Отец коснулся моего колена:
— Что бы ни случилось, Джон, ты, главное, помалкивай. Понятно?
Я кивнул. Я чувствовал, что не смогу говорить, даже если захочу. Отец сжал мое колено, потом убрал руку.
— Может быть, ему нужен наш багаж, — сказал он.
— Хотел бы я надеяться, — повторил Ларсон. Он снял ноги с сундучка и поднял его с пола. Разбойник подошел ближе, звук его шагов перекликался со щелканьем замочков сундучка, открываемого Ларсоном. — Но сильно опасаюсь, что он может интересоваться моей особой, а не багажом.
— Кучер, слазь! Ну, живо!
Карета качнулась, скрипнули рессоры, бухнули сапоги. Одна из лошадей переступила и заржала. Лес ожил, сквозь деревья до нас стали доноситься различные звуки.
Ларсон распахнул свой сундучок, и в серебристом свете луны я увидел пару дуэльных пистолетов очень тонкой отделки, поблескивавших золотом и полированным деревом.

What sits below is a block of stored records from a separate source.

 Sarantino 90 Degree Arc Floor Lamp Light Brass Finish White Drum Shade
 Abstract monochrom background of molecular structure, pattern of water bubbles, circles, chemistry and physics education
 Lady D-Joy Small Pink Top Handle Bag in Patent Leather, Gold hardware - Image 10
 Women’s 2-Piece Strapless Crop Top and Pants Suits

Пистолеты были длинноствольные, зловещие в своей красоте. Жуткое было зрелище, скажу я вам.
Отец уставился на него.
— Да кто вы такой? — спросил он.
Маленький джентльмен улыбнулся. Его руки, вынимавшие пистолеты, слегка дрожали.
— Полагаю, что я покойник, — ответил он. — Сейчас или позже, но со мной все кончено.
Упряжь бренчала, одна из лошадей продолжала нервно ржать.
— Тише, девочка, — ласково успокаивал ее кучер, а разбойник заорал:
— Выходи из кареты! Ну, живо!
Отец вышел первым, в последний раз взглянув на меня. Ларсон последовал за ним. Протискиваясь мимо меня, он прошептал:
— В другую дверь. На крышу. — Он сунул мне в руку один из пистолетов. Голос его был чуть слышен. — Если нам придется плохо, пристрели его, как собаку.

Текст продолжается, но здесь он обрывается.